(Beginning of RECORDS FOR PROCESSING)
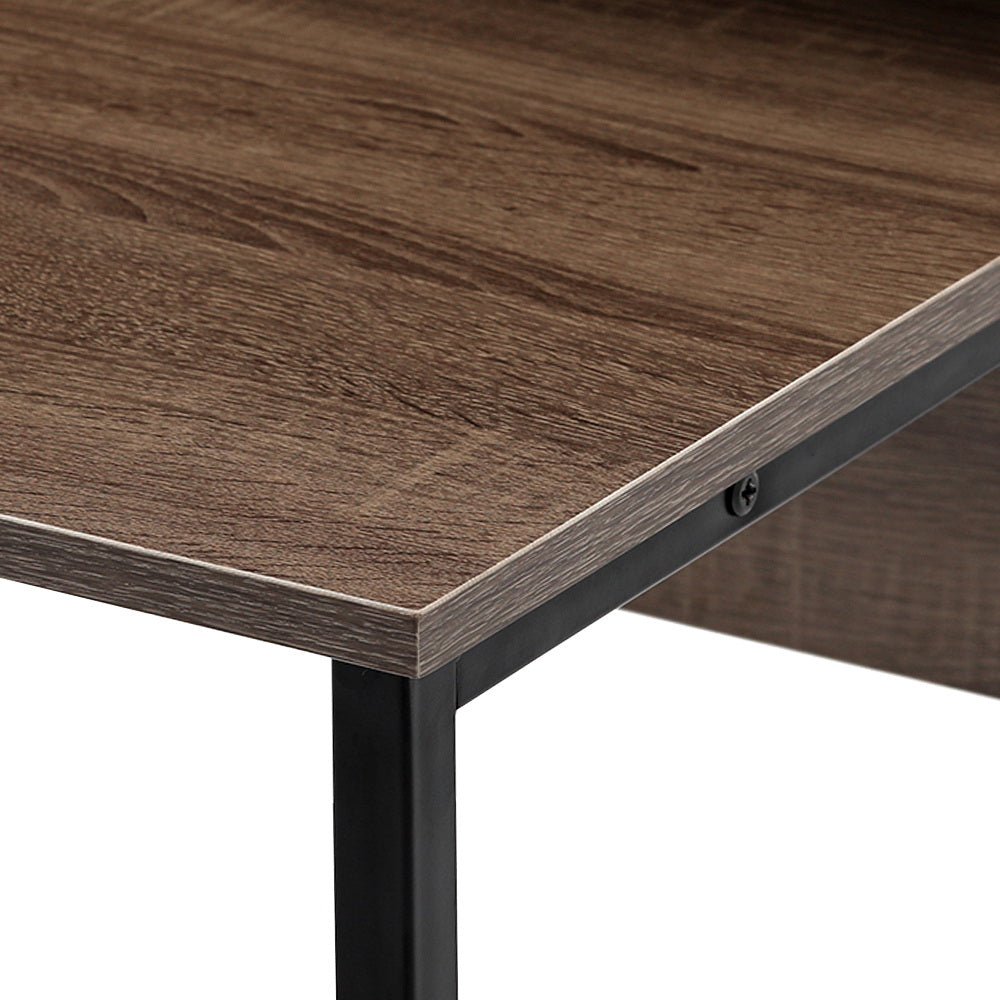 Artiss Computer Desk Shelf Oak 100cm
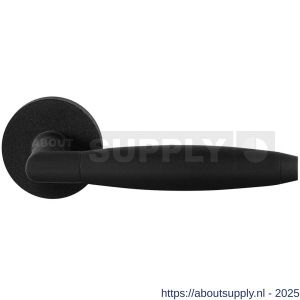 GPF Bouwbeslag ZwartWit 8266.61-00 Ika XL deurkruk op rond rozet 50x8 mm zwart - S21009389 - afbeelding 1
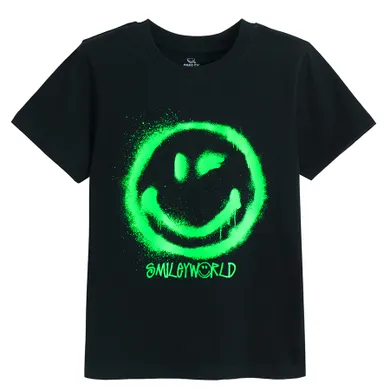 Cool Club, Tricou pentru baieti, negru, imprimeu SmileWorld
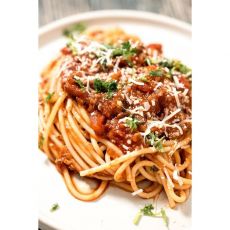 Qeema Spaghetti 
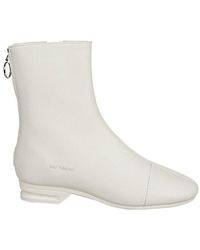 Raf Simons Slorais 21 Ankle Boots - White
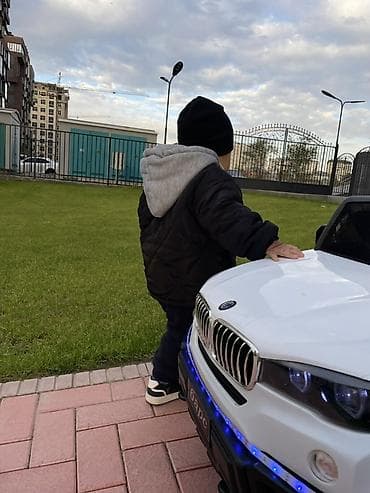 Детский транспорт: Детский электромобиль “Барс” (белый) - Тип: аккумуляторный — 1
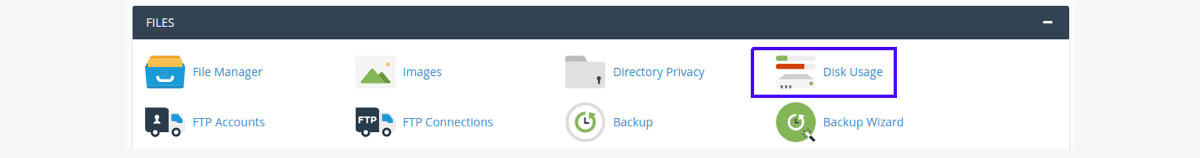 Cpanel Disk Usage Tool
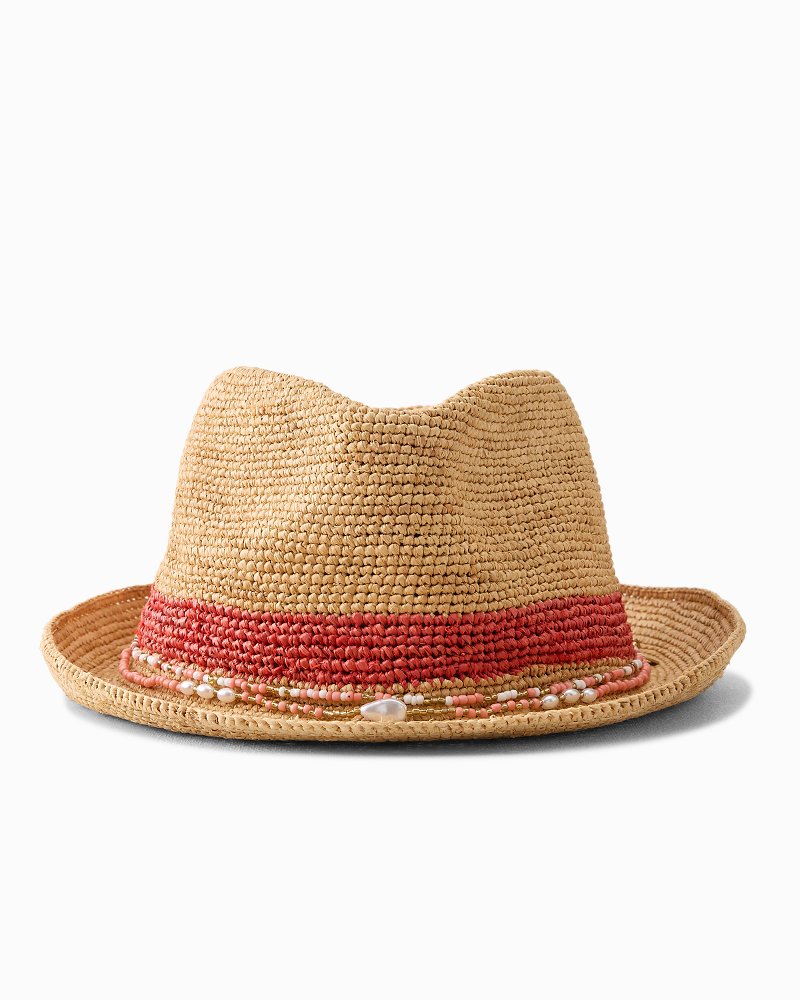 Hepburn Raffia Fedora Hat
(End of RECORDS FOR PROCESSING)
▶ _WORK TASK_: The output should consist of every entry above, printed exactly, with the images removed.

▶ _FINISHED EXERCISE_:
 Artiss Computer Desk Shelf Oak 100cm
 GPF Bouwbeslag ZwartWit 8266.61-00 Ika XL deurkruk op rond rozet 50x8 mm zwart - S21009389 - afbeelding 1
 Cool Club, Tricou pentru baieti, negru, imprimeu SmileWorld
 Qeema Spaghetti 
 Raf Simons Slorais 21 Ankle Boots - White
 Детский транспорт: Детский электромобиль “Барс” (белый) - Тип: аккумуляторный — 1
 Cpanel Disk Usage Tool
 Hepburn Raffia Fedora Hat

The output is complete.